Swiss Introduce New Divisible Gold Card For "A Scary New World"


----------



## Alpha-17

I'm a huge fan of coins because they are easily assessed, and accepted. With jewelry, you'll have to prove that what you have is what you say it is. Gold/Silver bullion bars are an option, but I feel like that is putting all of your eggs in one basket. It's kinda hard to make change off a bar of silver/gold, whereas a coin is closer to the actual amount, and you can either take the loss/gain, or simply have the coin chiseled in two (like the old Pieces of Eight).


----------



## Ripon

My problem with jewlry is that I'm not a chemist and I have no way to verify the real worth of that presented to me, but that maybe a personal problem on my part as I haven't researched it and know how. Just because something is market 14-24 carat doesn't mean I can trust the markings. Now I know there are counterfit US pre 64 coins out there too but most of the counterfits are not up to the proper weight and since I have a chart of the exact weights of these coins they are fairly easy to verify. As I noted in other threads I see gold/silver as a form of currency in a new world some and jewlry will be accepted, but I don't know that it will be accepted as well as a govt. coin.



AlaskanFamily said:


> A lot of people are stock piling coins, but what about other sources. I'm a big fan of "real" jewelry, no fake stones or settings that aren't gold or silver. Right now im buying up solid sterling silver bangles & gold ring bands, as they come in lots of sizes & fairly inexpensive on used market. I also have a good amount of jewelry with stones (diamonds, pearl, sapphire, emerald, amethyst, topaz), as well as ruby, sapphire, & peridot loose stones. Good idea or not?


----------



## Ripon

The company makes a silver one too, both are excellent SHTF ideas but sadly the cost is over the top. The gold card was not that much more than spot mark ups but the silver one was almost 33% over spot - I suppose due to their cost of minting.



rickkyw1720pf said:


> If you are into saving gold I really like this ideal. The Swiss have made a credit card size gold card that pieces can be cut off and each piece has the purity and weight on it.
> Swiss Introduce New Divisible Gold Card For "A Scary New World"


----------



## Denton

You might be interested in Stagecoach Silver. They are one ounce bars scored to break in quarter pieces.


----------



## prepgirl

I have quite a bit of real jewelry I'd like to liquidate so we can acquire gold and silver money, but I don't know what would be the best way to go about it. I can sell the jewelry and then buy the coinage, but I wonder if I'd be better off to try to do a trade with the guy instead. Or is there something better? I've heard silver is up, so is this a good time to buy?


----------



## Denton

prepgirl said:


> I have quite a bit of real jewelry I'd like to liquidate so we can acquire gold and silver money, but I don't know what would be the best way to go about it. I can sell the jewelry and then buy the coinage, but I wonder if I'd be better off to try to do a trade with the guy instead. Or is there something better? I've heard silver is up, so is this a good time to buy?

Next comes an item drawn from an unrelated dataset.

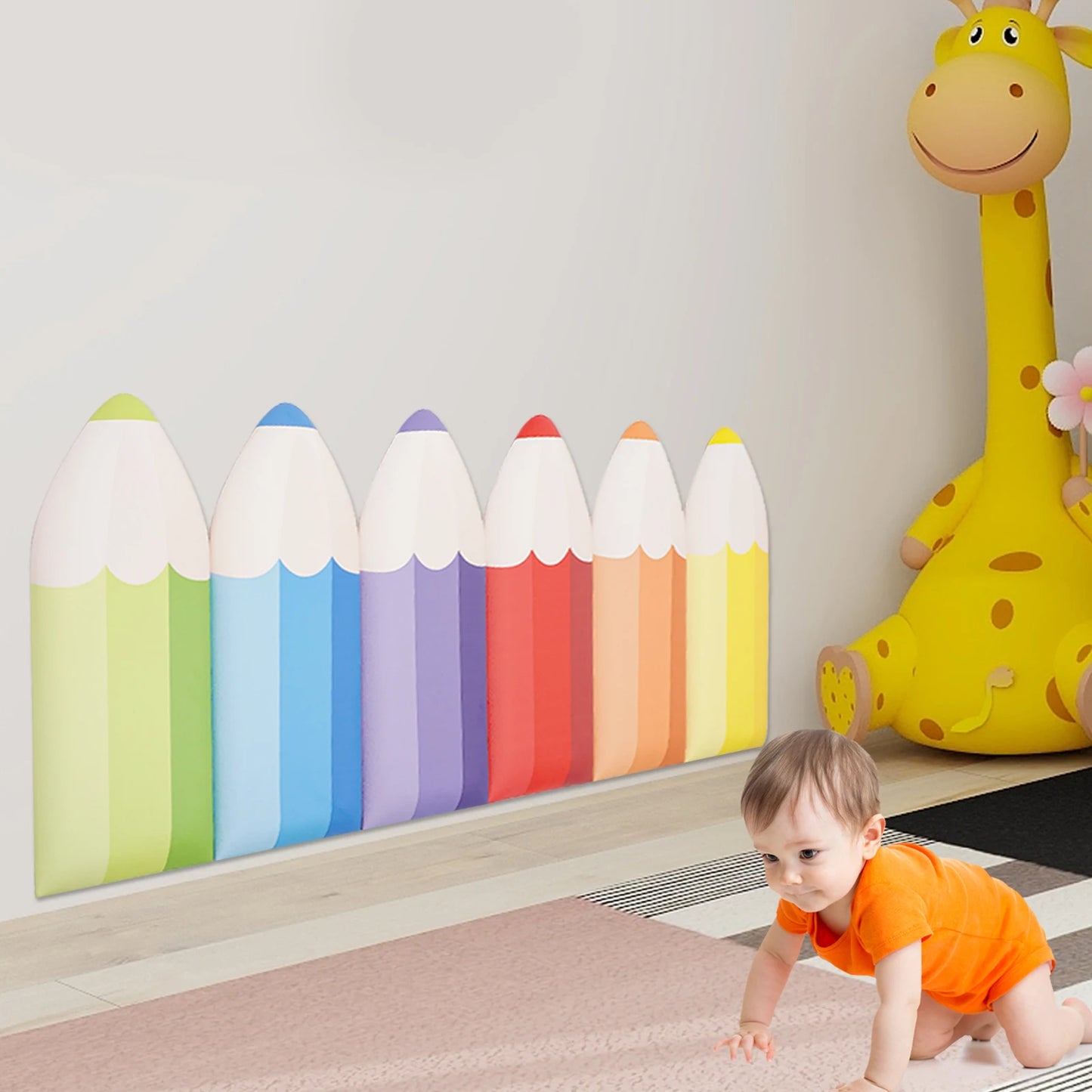 6 Pack Pencil Wall Stickers Anti Collision Padding for Kids
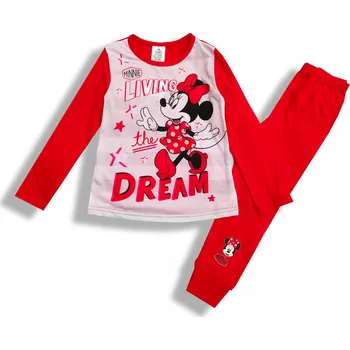 Dívčí pyžamo Disney Dětské dívčí pyžamo červené Minnie Mouse 4-10 let Velikost: 122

Considering the condition of the dollar and the use of silver in industry, I am thinking now is as good a time as any.


----------



## prepgirl

oswegoscott said:


> Please do not sell to one of those "we buy gold" places. They all will pay much less the the true value. Determine the quality (10k,14k,18k) and weight before you sell. The formula is simple. Pure gold is 24k,so a 14k ring contains 14/24 (about 58%) of the weight in pure gold.
> Even on ebay you can get the true value & often a little more


Yes, it is one of those places. I suspect my stuff was worth much more than the prices I was quoted, but I don't really know where else to sell it. I have mostly 18 and 14 kt., but I also have precious gemstones. I will see what comparable items are going for on eBay. Any other advice as to where I can get the most$?


----------



## branflake

Take a look here, give them a call.

Precious metals buyers, smelters, refiners of gold, platinum, silver scrap metals, dental gold scrap, platinum thermocouple wire, crucibles, silver scrap. Gold refiners, platinum scrap buyers, recyclers karat gold jewelry. Sell gold, platinum and sil


----------



## scramble4a5

prepgirl said:


> Yes, it is one of those places. I suspect my stuff was worth much more than the prices I was quoted, but I don't really know where else to sell it. I have mostly 18 and 14 kt., but I also have precious gemstones. I will see what comparable items are going for on eBay. Any other advice as to where I can get the most$?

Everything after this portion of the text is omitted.